DB Type acronym for configurations: ORACLE

Packages and Package Bodies

Obevo supports defining packages and package bodies within a single file and allowing the files to be edited in place. For more information, see DB Project Structure and the section “Objects with BODY components”.

Oracle Directories

Obevo supports the DIRECTORY object type as part of the environment setup step.

This will create the directory object if it doesn’t already exist. If it already exists, it will leave it alone and not modify it. (We may modify this behavior depending on user feedback; please let us know your thoughts)

To leverage this feature:

1) Define it in your system-config.xml file with the serverDirectory element:

<dbSystemConfig type="ORACLE">
    <schemas>
        <schema name="SCHEMA1" />
    </schemas>

    <!-- You can define it for all environments by specifying this outside of the dbEnvironment element ... -->
    <serverDirectories>
        <serverDirectory name="dir1" directoryPath="path1" />
        <serverDirectory name="dir2" directoryPath="path2" />
    </serverDirectories>

    <environments>
        <dbEnvironment name="test" ...>
            <!-- ... or define it for a single environment (overriding the common definition) within the dbEnvironment element -->
            ...
            <serverDirectories>
                <serverDirectory name="dir1" directoryPath="path1_prime" />
                <serverDirectory name="dir2" directoryPath="path2_prime" />
            </serverDirectories>
            ...
        </dbEnvironment>
    </environments>
</dbSystemConfig>

2) Force the environment setup, via two options:

  1. Use the -forceEnvSetup parameter at the command line.
  2. Specify the property forceEnvSetup=“true” in your dbEnvironment to have this be a default setting, and then execute a deploy.

Statement Terminator

In Oracle, statements can be terminated using semicolon ’’‘;’’‘ and slash ’’‘/’’’.

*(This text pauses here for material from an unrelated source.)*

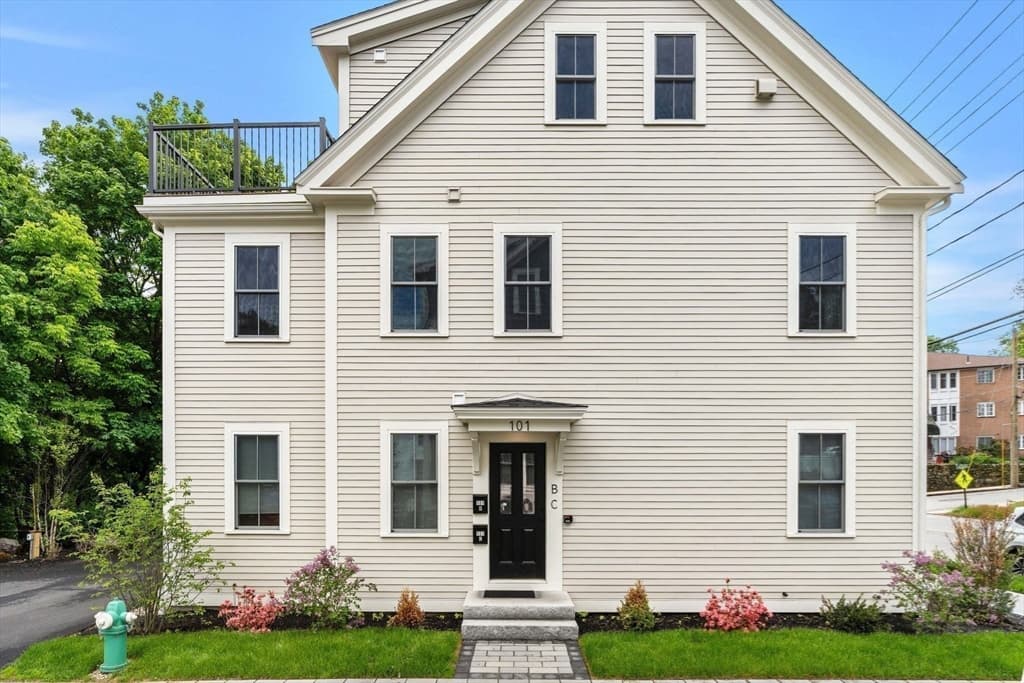 Condominium at 101B Market Street # B, Amesbury MA 01913, photo 37 of 40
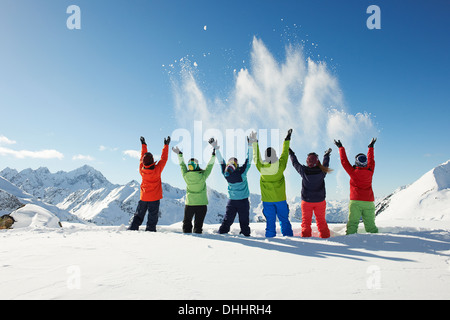 Freunde werfen Schnee mitten in der Luft, Kühtai, Österreich Stockfoto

However, within Obevo these cannot be used to separate multiple lines within a single //// CHANGE block or rerunnable file. The reason is that the JDBC APIs are typically only allowed to execute a single SQL command within a JDBC statement (see link for reference. Though other DBMS platforms and drivers could be more lenient for this, Oracle is not.

Hence, we typically recommend using the default GO splitter to split multiple statements within a block if needed.

Note that you can still use a single semicolon or slash to end a statement, even if followed by a GO. (Most notably, to end a PL/SQL begin/end block with a slash, since the block may contain multiple semicolons).

We have no plans to support this within JDBC itself, given the non-trivial nature of building our own parser of Oracle code. Having said that, it may be an option in the future to have SQL executions done via SQL*Plus command line, though not in the near future.